On pourrait croire que Tatjana Doll voit les choses en grand. Il n’en est rien, elle les voit juste à leur taille réelle et c’est troublant. C’est du moins le cas dans cette exposition personnelle qui se tient actuellement à la galerie Jean Brolly. Le parti pris est celui de l’encombrement maximum, de la saturation complète de l’espace. Tout d’abord, on n’y rentrerait pas une toile de plus : les murs sont tapissés de ces tableaux de Ferrari rouges, alignés, juxtaposés, superposés, rangés rigoureusement façon parking. Par ailleurs, le motif automobile occupe la toile jusqu’au rebord, pas de perte, pas de marge. Pas de doute, nous sommes bien dans le registre du plein : Tatjana Doll évacue le vide de la toile quand elle y représente quelque chose, et sature l’espace de la galerie quand elle y expose ses tableaux.

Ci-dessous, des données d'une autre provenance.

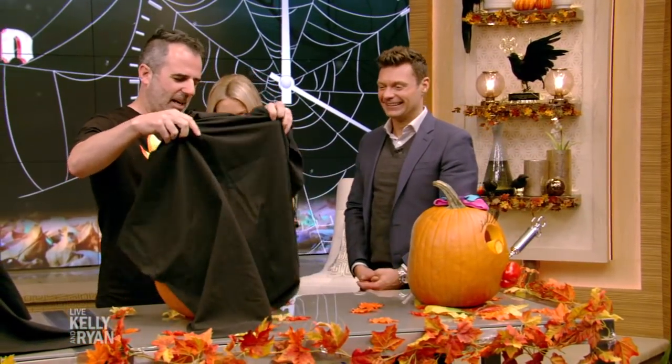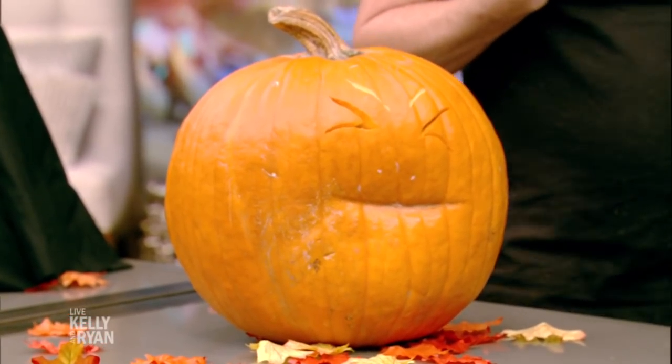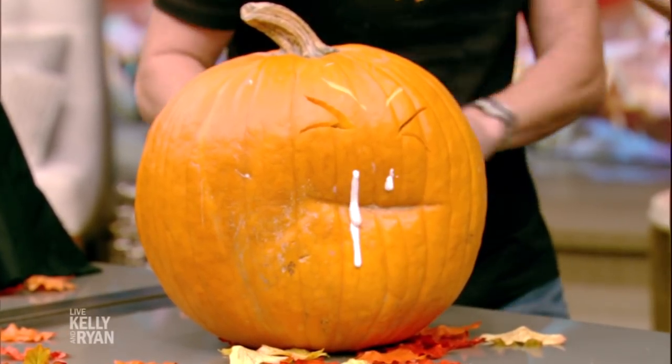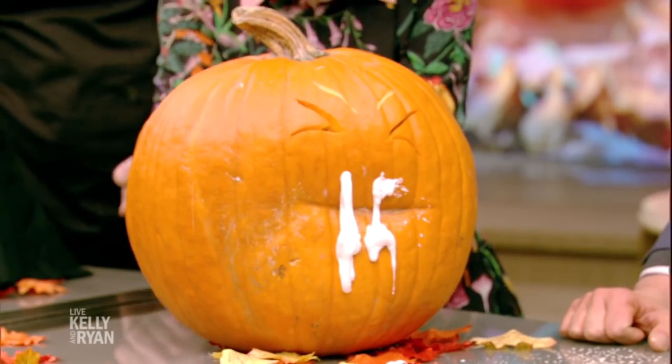All right, this one. Sometimes, you know, as an artist, sometimes the pumpkin speaks to me. And this one kind of looked sneezy, so check this out. Oh! You want to try? It's two things of shaving cream. Halloween!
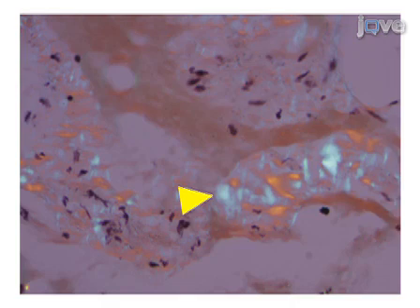Blue birefringence of collagen fibers, indicated by the yellow arrowhead, is usually present in almost all specimens. In our experience, this collagen-related blue birefringence may be difficult to differentiate from the apple green birefringence of amyloid. This is a significant pitfall during the interpretation of Congo red stained specimens under polarizing microscope. This electron micrograph shows straight, non-branching, randomly scattered 8 to 10 nanometer diameter fibrils consistent with amyloid in a blood vessel wall.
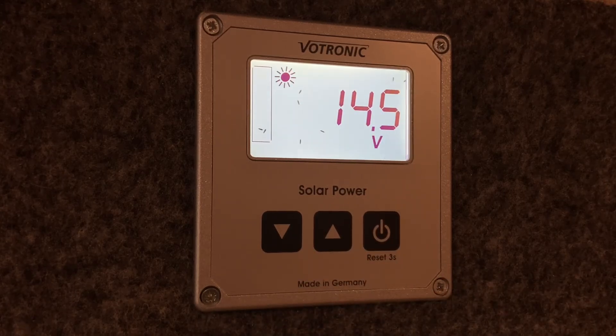And that is basically it for the Votronic Solar Computer control panel. Hopefully you found this video useful. I'm Seth and thank you very much for watching.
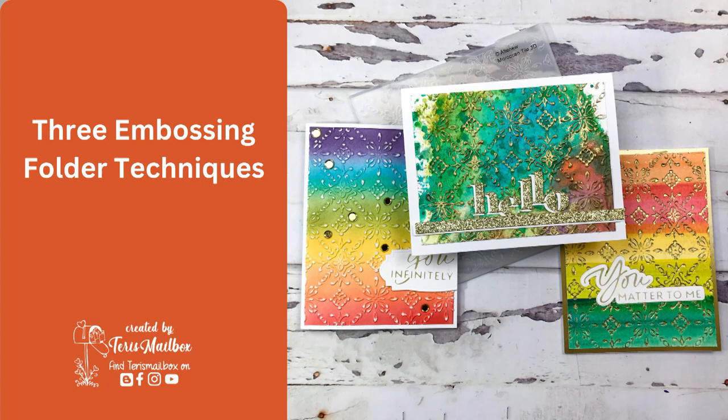Hello friends and welcome back. It's Terry with Terry's Mailbox. Today I'm posting for Altenew in a video hop for part of their new release.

Qu’elle s’attache à des éléments de signalétique urbaine, aux pictogrammes des lieux publics, aux camions postaux, aux semi-remorques, à la nouvelle Austin Mini ou aux Ferrari, ce sont dans tous les cas, des visuels d’une relative banalité auxquels cette artiste choisit de donner un statut véritablement pictural. Quand il s’agit d’automobiles, ce sont moins les prestations mécaniques de l’engin qui intéressent l’artiste, que sa plastique spécifique qu’elle soit élégante et racée, massive ou utilitaire. Dans le cas présent, il s’agit bien, une nouvelle fois, de bagnoles, toutes Ferrari qu’elles sont. Mais l’objet est miné. Objet de transfert par excellence, le plus souvent masculin, la Ferrari représente pour les inconditionnels de la jantes, le sommet du genre, le nec plus ultra du volant. Adulée, fantasmée, rarement possédée, on réserve habituellement à ces monstres de fer, les égards les plus tendres, les attentions les plus soumises. Mille fois photographiées, étudiée sous ses angles les plus intimes, les moins accessibles, la star de l’auto, avant d’être une voiture est une image, une icône. C’est bien de cet aspect des choses, que Tatjana Doll se saisit. C’est bien à cette image, qu’elle s’attaque au moyen de la peinture.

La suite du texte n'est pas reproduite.